Mark Salter, McCain's administrative assistant, says the senator "is not unhappy with the press coverage he's receiving." Of course, it is far better for him to be put through the media meat grinder now, in early 2006, than when voters are paying attention. And getting banged around by liberal columnists hardly hurts him on the right.

Still, the skeptics are right on one point: McCain's crossover appeal is built on the idea that he speaks his mind without political calculation. If he loses his media "base," that may be a sign that he has returned to the ranks of political mortals.

Betsy at Betsy's Page comments:

Well, we always knew that it would happen; it's just happening a little ahead of schedule. Now that the media is waking up to the idea that John McCain could actually win both the Republican nomination and even the election in 2008. And they're realizing, that there is more to McCain than the guy who so helpfully bashes the administration on some issues. Why, the guy is actually pro-life and supports the war in Iraq. Gasp! We can't have that, so liberals and the media are already gearing up to cut McCain down to size and soften him up for 2008. . . .
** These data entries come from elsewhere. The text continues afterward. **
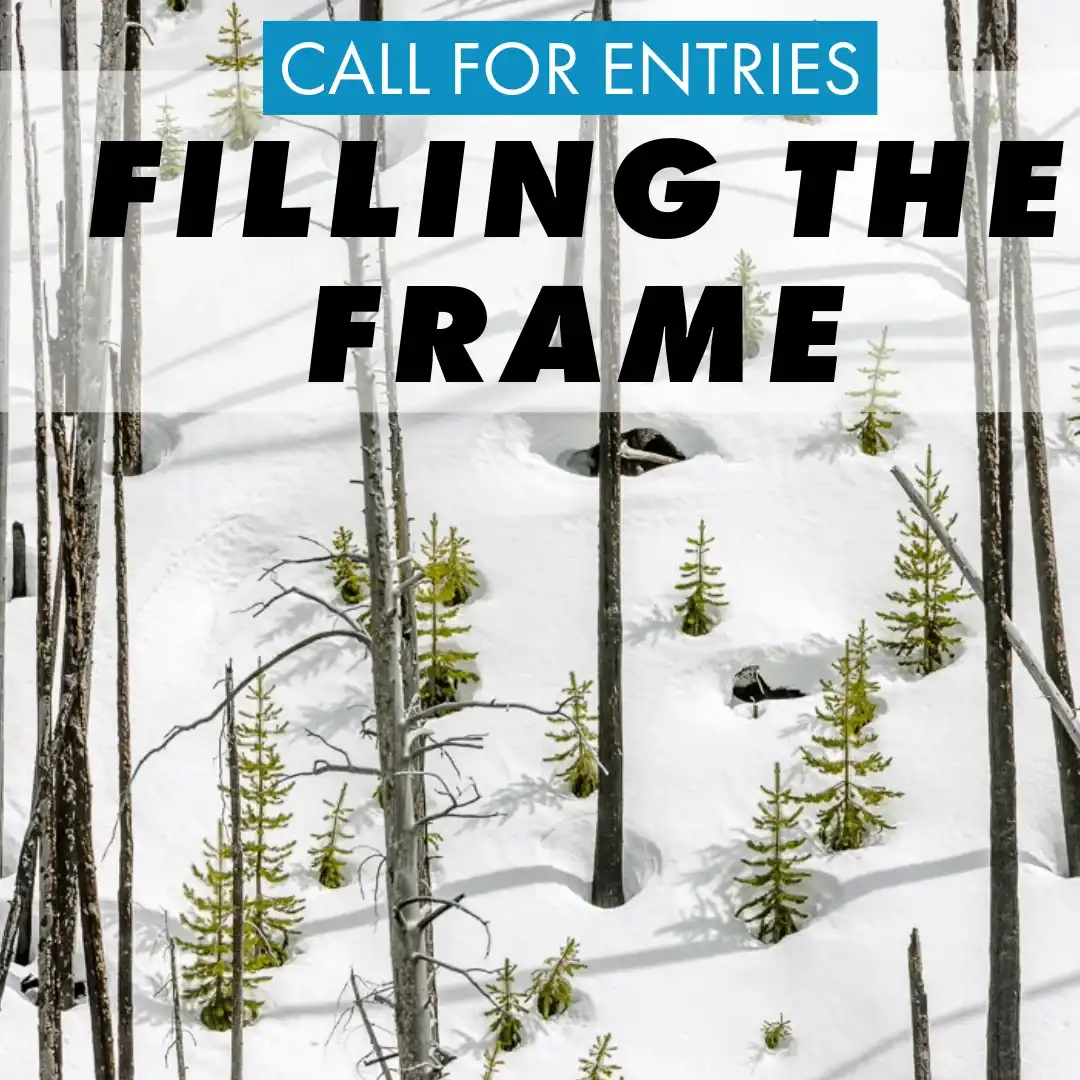 Filling the Frame by PhotoPlace Gallery 2 - Deartline Filling the Frame by PhotoPlace Gallery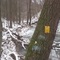 Boundary along Mill Run of Nathaniel Mountain WMA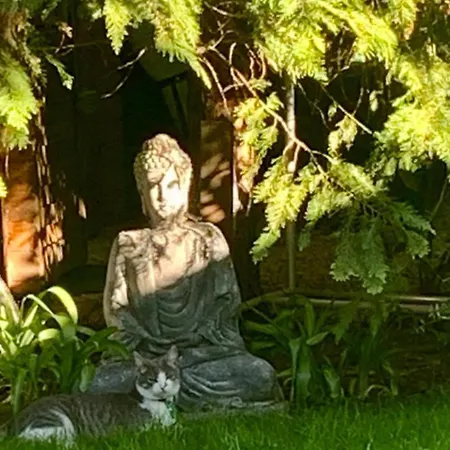 בית הארחה Newmidi Terrace, Wifi 3*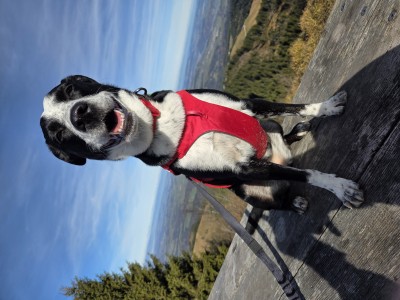 Bild 1 von Max zu Ruffwear - Web Master Harness - Hundegeschirr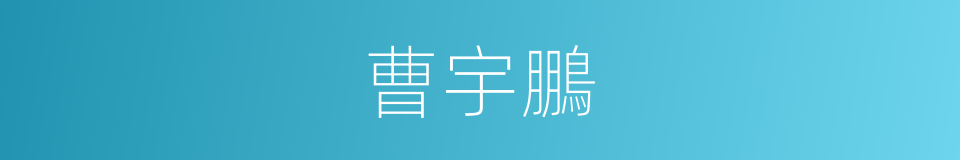 曹宇鵬的同義詞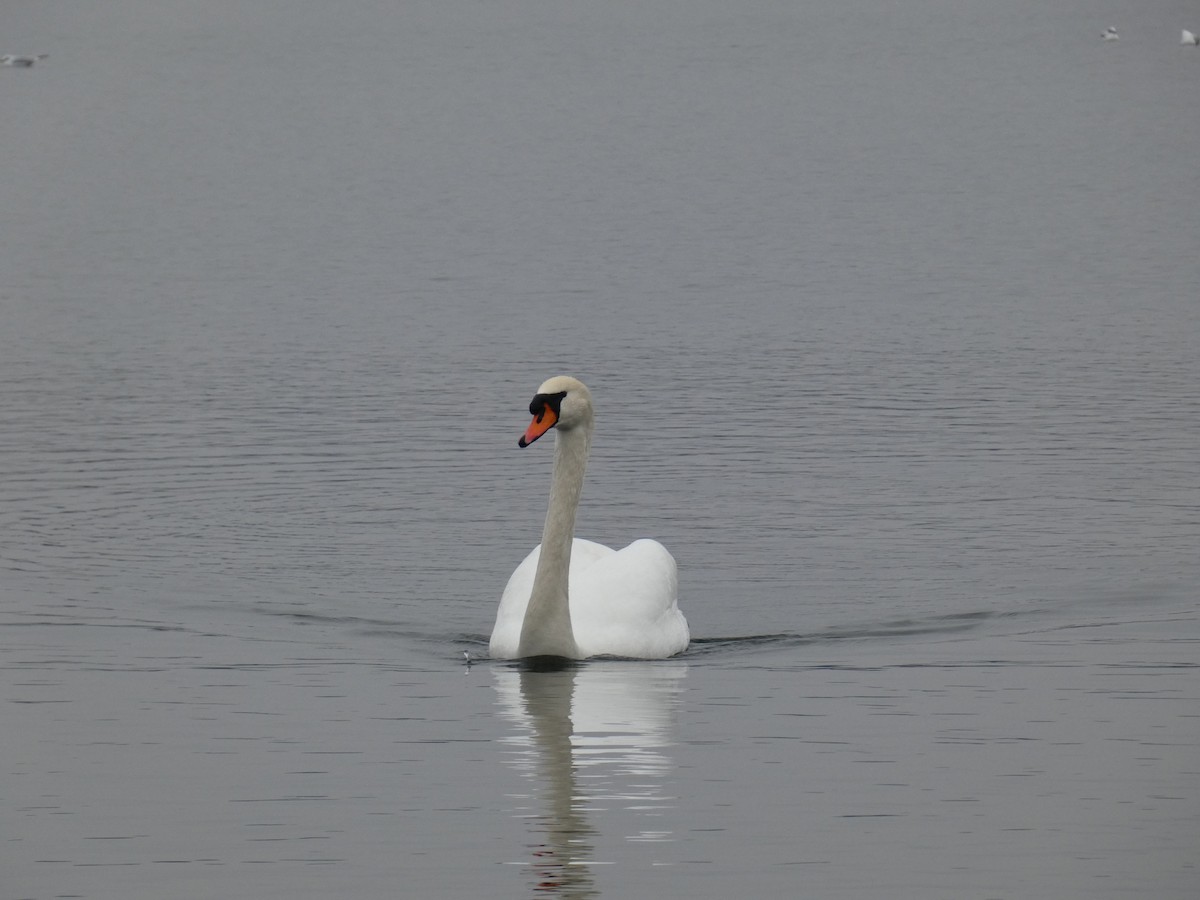 Mute Swan - ML629268962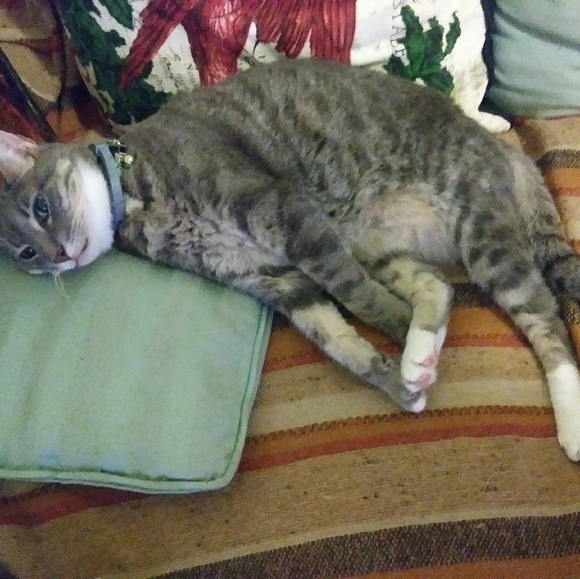 Meet your Posher, Vanessa - Picture 5 of 8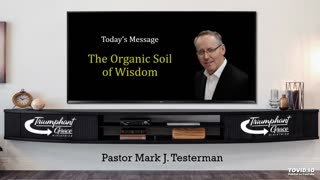 The Organic Soil of Wisdom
I think Kurtz is exactly right about why the media worm is turning on McCain. What they don't realize is that such attacks help McCain in his race for the Republican nomination because there is nothing Republican primary voters agree so much on as their dislike for the media. In fact, in addition to my differences with McCain on issues such as tax cuts and campaign finance reform, one of my main suspicions of McCain has been the sense that he would take positions solely to maintain his popularity with the press. So, McCain will benefit, at least in terms of the GOP nomination, by losing his "base," the press.